Habermas advierte, por otra parte, la circularidad del pensamiento kantiano, que incurre en una petición de principio. El confiado optimismo de Kant postula un "orden natural" que se identifica con una "situación de derecho" —la "res publica phenomenon"— que "progresa" realmente gracias a la Ilustración racional: hay un proceso de creciente "autocomprensión" o "autoconciencia" que supone un progreso de la "legalidad". Todo ello opera como un presupuesto social de la actividad política, gracias al cual es posible una "constitución social" en un "orden cosmopolita" auténticamente moral. Pero la actuación política se concreta en leyes positivas obligantes que no pueden, sin embargo, modificar —en el sentido de mejorar esa "situación de derecho" primitiva. La publicidad de las leyes aparece, por un lado, como el medio conciliador de moral y política pero, por otro lado, no se concibe un progreso de la moralidad a través de la publicidad, es decir, a partir de las leyes originadas en el poder político de la "res publica noumenon". A pesar de la contradicción, quedan sentadas las bases para un espacio público ampliado, en el cual podrá desplegarse el positivismo del siglo siguiente. En efecto, esta corriente jurídica supone una tal publicidad absoluta, en la medida en que sus leyes deben ser escritas, conocidas públicamente. La ley natural, por el contrario, está inscrita en los corazones, es decir, en la intimidad, de modo que quien guía su conducta a partir de ella, publica sólo actuaciones: el espacio público es el ámbito de las virtudes, el ámbito de los actos voluntarios. Además, para el positivismo el espacio público es el ámbito de la razón, del discurso —por consiguiente, de las dudas—, de lo opinable, de los "mundos posibles", de lo realizable (y no de lo realizado), y como todo es realizable —nuevamente según Kant— porque todo es racional, lo público se convierte en lo totalizante, totalizador y totalitario "de modo que la prohibición de publicidad impide el progreso de un pueblo hacia algo mejor".

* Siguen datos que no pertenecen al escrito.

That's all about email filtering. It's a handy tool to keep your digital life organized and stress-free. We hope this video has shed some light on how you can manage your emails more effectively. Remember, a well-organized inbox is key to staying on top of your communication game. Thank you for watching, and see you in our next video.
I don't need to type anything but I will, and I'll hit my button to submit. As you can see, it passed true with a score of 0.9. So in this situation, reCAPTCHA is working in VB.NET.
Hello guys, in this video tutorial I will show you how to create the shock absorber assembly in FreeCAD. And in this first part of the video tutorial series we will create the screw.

Hegel denuncia las falacias kantianas y, en particular, su optimismo en relación con la sociedad burguesa, sus intereses, y el papel mediador de la publicidad. No caben intereses comunes de los propietarios privados políticamente raciocinantes: hay intereses meramente particulares. Por lo tanto, la opinión pública no goza de "una base para su unidad y su verdad": "acabará recalando —afirma Habermas, comentando a Hegel— en la etapa de un subjetivo opinar de muchos". Hegel pretende, en consecuencia, evitar que esa "desorganización de la sociedad burguesa" se introduzca en el "Estado orgánico" confundiéndose con éste, y postula una "prevención policial". La opinión pública ha de ser un principio de integración "desde arriba", una "oportunidad de conocimiento (...) para aprender a conocer y a observar (...), un escenario honorable (...), un medio de salvación" para el ciudadano. La publicidad sirve así, según Habermas, "meramente a la integración del subjetivo opinar en la objetividad, puesta por el espíritu en forma de Estado". Esto responde, claro está, a la peculiar concepción hegeliana del Estado que Habermas, una vez más, no comparte. Reconoce que Hegel ha vislumbrado las contradicciones burguesas, pero le reprocha el no resolverlas sino acudiendo nuevamente a la coacción.

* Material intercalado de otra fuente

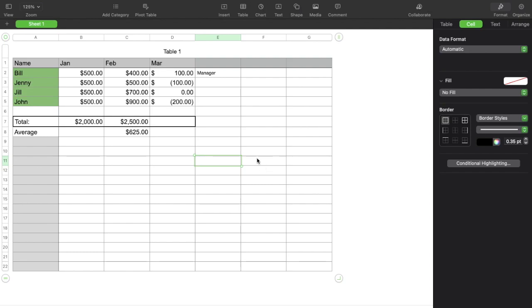On today's quick Apple Numbers tutorial, I'm going to show you how to use the formula so that only positive numbers are added up in a column or summed in a column. It's actually pretty simple. Let's jump into it.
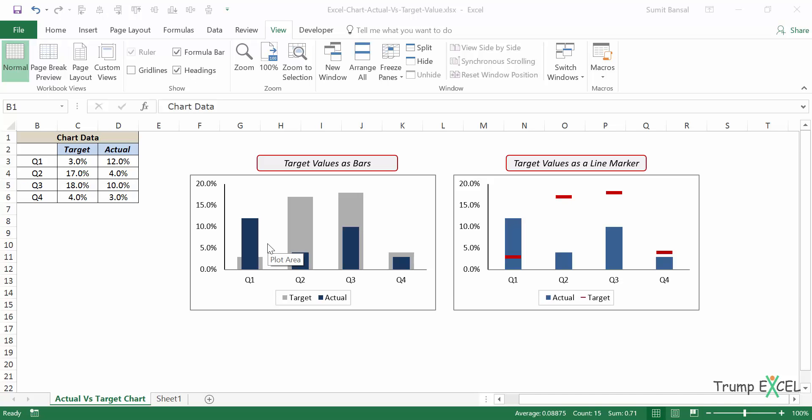Hello and welcome to the video by Trump Excel. I am Sumit Bansal and in this video, I will show you how to create actual versus target value charts in Excel. So here I have the data for four quarters and I have the target values and the actual values and I have used this data to create these two charts.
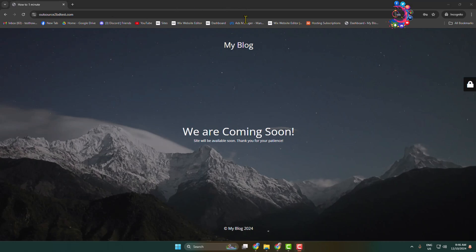This is my WordPress website and as you can see, currently the Coming Soon page is enabled. Now I will show you how to remove this Coming Soon page or Under Construction page from your WordPress website.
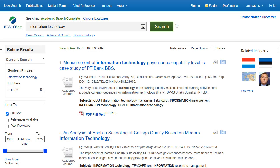Search alerts save valuable research time and can be set up to provide automatic email notification whenever new results related to topics of interest become available in EBSCOhost. Setting up a search alert from the result list is simple and can be done quickly.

De ahí que Habermas pase rápidamente a considerar los puntos de vista del joven Marx, quien busca las condiciones sociales de posibilidad para la realización "no burguesa" de la publicidad. Para ello denuncia lo que de "falsa consciencia" tiene la publicidad burguesa: su carácter de "máscara del interés de clase burgués". Hay que destacar en este punto, la coincidencia de Habermas con el pensamiento de Marx. Lo que hasta ahora era un estudio histórico-crítico sobre la noción de opinión pública, pasa a ser un análisis histórico-apologético: Habermas subraya el "acierto" de la diagnosis y la terapia marxistas, que avanzan aún más en la línea de hacer desaparecer toda relación de dominio. No basta, dirá Marx, la Ilustración asegurada por la publicidad, porque los antiguos estamentos políticos se han integrado en el ámbito social y pretenden actualmente conservar sus anteriores privilegios en la denominada esfera de la "autonomía privada" que reduce el Estado a un mínimo. Por el contrario, es el ámbito público el que debe ampliarse, absorbiendo la esfera de la autonomía privada, y un público también ampliado debe convertir todo lo social en asunto público. Esta sería —será— la nueva "publicidad democrático-revolucionaria", llamada a reemplazar a la "publicidad burguesa", arrastrando consigo la eliminación de toda (justa) iniciativa privada y sofocando a la persona y a los grupos sociales intermedios. "Con tales presupuestos, afirma Habermas, puede entonces también la publicidad realizar seriamente lo que siempre había prometido: la racionalización del dominio político como un dominio de hombres sobre hombres". En efecto, Marx aspira a anular todo dominio del hombre sobre el hombre a cambio de la "administración sobre las cosas", pero en realidad lo que logra hacer desaparecer es al hombre mismo. Ya no hay más poder político, sino poder público-administrativo sobre individuos-asociados que logran su autonomía pública (¡no privada!) mediante la publicidad (pueden, por ejemplo, "sugerir" fórmulas sobre cómo aumentar la productividad...). He ahí la "libertad" conquistada publicitariamente: que el "hombre" y el "ciudadano" se identifiquen, quedándole al primero —luego de satisfacer el trabajo social (el "reino de la necesidad")— un "tiempo libre de ocio" (que también le servirá, aparentemente, sólo para pensar en nuevas fórmulas para aumentar la productividad...).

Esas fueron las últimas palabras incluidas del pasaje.